We will not go through the whole process again, but if my primary goal was to build the ultimate calculator program, I would probably want it to solve any valid expression, of any number of terms, with any kind of operator, in any kind of base counting system (why not binary and hexadecimal too!), with graphing capabilities, and the list goes on. That would be a pretty damn powerful calculator app, would it not be?
True, but I think having spent a few thousand hours writing programs, I can tell you that it would take a ridiculously long time to build this very complex program (consider how long the problem statement would need to be in order to include all of these different features!). I am not saying it would be impossible, but writing this level of the program by yourself would take several months, if not years to complete. There are ways to save time (by using other people’s pre-written helper programs, called libraries), but you will likely have to put up some cash to use the good quality ones.
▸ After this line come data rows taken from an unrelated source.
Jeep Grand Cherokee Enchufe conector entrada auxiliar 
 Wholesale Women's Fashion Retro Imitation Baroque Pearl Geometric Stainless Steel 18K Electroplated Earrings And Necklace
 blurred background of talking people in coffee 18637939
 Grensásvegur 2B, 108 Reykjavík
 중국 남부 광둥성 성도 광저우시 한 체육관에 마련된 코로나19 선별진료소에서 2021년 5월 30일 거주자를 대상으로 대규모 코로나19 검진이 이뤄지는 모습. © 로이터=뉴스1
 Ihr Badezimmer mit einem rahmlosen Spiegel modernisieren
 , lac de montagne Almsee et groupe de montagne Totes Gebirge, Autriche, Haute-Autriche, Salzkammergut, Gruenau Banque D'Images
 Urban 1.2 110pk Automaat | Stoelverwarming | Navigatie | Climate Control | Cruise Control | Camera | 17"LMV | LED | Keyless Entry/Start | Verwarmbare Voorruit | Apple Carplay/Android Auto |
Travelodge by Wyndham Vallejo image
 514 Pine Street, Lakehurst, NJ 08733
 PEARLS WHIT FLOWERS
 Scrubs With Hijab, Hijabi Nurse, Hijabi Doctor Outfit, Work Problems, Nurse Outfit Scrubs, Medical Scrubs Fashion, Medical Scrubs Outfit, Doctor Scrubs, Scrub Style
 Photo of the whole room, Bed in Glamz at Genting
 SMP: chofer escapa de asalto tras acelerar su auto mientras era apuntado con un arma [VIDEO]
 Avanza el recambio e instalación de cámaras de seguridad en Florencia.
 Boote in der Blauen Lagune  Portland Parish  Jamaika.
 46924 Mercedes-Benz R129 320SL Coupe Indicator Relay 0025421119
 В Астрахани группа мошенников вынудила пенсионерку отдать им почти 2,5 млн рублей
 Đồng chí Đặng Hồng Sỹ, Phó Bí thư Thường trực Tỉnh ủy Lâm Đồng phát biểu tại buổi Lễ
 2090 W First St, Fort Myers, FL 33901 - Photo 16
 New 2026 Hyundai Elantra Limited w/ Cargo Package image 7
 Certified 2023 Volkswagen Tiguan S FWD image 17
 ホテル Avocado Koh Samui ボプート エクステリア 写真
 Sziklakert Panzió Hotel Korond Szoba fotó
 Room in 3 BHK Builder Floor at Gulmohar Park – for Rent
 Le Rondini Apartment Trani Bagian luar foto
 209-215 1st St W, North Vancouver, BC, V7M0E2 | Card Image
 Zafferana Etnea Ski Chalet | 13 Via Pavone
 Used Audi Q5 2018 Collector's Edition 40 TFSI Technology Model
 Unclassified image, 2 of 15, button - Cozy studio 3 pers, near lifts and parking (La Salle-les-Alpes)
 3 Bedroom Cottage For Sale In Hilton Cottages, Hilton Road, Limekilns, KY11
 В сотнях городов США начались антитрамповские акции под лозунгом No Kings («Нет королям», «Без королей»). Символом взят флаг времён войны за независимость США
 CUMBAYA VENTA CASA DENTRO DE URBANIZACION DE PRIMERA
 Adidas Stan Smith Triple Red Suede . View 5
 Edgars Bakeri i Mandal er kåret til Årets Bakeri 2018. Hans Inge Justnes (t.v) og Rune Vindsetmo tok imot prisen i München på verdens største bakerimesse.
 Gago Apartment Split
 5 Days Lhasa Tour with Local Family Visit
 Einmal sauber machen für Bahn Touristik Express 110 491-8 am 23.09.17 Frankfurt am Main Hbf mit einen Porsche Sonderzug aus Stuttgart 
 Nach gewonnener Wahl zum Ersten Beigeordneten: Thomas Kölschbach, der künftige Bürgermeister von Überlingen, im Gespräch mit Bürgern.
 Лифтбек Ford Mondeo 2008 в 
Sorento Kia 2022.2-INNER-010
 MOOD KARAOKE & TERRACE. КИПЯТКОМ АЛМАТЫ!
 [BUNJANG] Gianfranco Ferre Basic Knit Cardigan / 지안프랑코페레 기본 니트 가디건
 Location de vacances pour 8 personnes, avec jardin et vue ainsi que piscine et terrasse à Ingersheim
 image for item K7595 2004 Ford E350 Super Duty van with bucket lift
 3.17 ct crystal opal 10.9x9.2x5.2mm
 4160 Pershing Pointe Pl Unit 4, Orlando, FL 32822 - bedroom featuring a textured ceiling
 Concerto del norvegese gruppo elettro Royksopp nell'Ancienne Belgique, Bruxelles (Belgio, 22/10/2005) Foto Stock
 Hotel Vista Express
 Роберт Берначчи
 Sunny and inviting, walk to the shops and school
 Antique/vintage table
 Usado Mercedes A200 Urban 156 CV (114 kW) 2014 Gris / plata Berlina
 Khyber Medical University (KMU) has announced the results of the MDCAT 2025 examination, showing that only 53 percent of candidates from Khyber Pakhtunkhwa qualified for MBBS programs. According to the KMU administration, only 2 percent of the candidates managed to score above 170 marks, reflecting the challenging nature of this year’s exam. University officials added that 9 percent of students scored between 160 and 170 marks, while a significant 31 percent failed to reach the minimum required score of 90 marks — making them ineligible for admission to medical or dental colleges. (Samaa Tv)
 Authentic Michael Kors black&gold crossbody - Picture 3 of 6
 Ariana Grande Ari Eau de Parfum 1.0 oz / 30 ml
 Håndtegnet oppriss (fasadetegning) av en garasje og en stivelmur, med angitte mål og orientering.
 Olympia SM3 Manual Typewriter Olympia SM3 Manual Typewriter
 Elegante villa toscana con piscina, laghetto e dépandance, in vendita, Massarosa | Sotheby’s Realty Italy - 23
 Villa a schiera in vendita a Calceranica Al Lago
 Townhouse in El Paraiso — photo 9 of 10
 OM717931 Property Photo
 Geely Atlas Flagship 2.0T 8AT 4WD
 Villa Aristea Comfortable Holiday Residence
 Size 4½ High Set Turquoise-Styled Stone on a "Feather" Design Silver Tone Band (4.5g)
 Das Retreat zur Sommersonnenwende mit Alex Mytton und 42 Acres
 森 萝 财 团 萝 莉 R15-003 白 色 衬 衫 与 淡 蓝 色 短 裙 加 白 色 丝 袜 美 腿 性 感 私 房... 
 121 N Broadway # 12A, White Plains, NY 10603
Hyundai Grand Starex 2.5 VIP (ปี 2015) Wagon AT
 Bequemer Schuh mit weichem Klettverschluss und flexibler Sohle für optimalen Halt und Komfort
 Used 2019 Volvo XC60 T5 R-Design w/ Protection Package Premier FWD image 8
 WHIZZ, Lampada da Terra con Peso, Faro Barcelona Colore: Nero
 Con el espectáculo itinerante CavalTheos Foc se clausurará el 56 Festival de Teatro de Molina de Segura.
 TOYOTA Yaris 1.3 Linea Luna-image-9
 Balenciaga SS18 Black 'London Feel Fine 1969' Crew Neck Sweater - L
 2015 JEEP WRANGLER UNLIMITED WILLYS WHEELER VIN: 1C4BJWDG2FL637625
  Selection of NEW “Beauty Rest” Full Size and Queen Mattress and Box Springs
Let us start again from step 0, except this time we will pretend that we have a time limit of 10 minutes to write our calculator program, after which our code will be evaluated by a technical interviewer of a local startup. In this case, our primary concern would be figuring out the simplest possible problem statement for our calculator would be priority number one!
As you can see, one of the most important things you need to pay attention to when beginning to design a new program, is the balance between making the most fully featured program you can make, versus being realistic about resources, time constraints, and your skill as a developer. The good news is that an easy way to balance these concerns (not to mention justify subscription based payments from your users), is to start with basic features, and gradually release your program with new features as you build them.
In fact, this is exactly how I suggest you build programs. Even if you have a complex yet specific Problem Domain established before you have written any code, I strongly advise you to start with only the most fundamentally important features for your program, and be prepared to change things as you build them out!
Mark my words, be prepared to see your problem statements/domains change over time in ways you could not possibly have imagined, for reasons ranging from technical restrictions (of devices, languages, operating systems, libraries), to making the person who signs your paycheque happy even if their ideas suck. Learn to be agile.
The second bit of good news is that in part 5, I will show you how to build programs that are easy to change and improve over time. Do not listen to people who say that software architecture does not matter; that statement is as silly as claiming that building architecture does not matter.
The first step in writing a program is to determine what kind of information our program will need to represent digitally (such as mathematical operands and operators), and to know what functions we will need to apply to that data (such as addition, or printing an error message to the screen). I refer to this collectively as the problem domain, and a great way to figure out what it looks like is to start with a problem statement!
Now, once you begin to write more complicated applications that solve more than one problem, you will want to look into things like Use Cases and User Stories, which allow you to be more practical and systematic in the way you design complex applications. In any case, it always comes back to problem domain analysis of one form or another, and problem statements are a great start.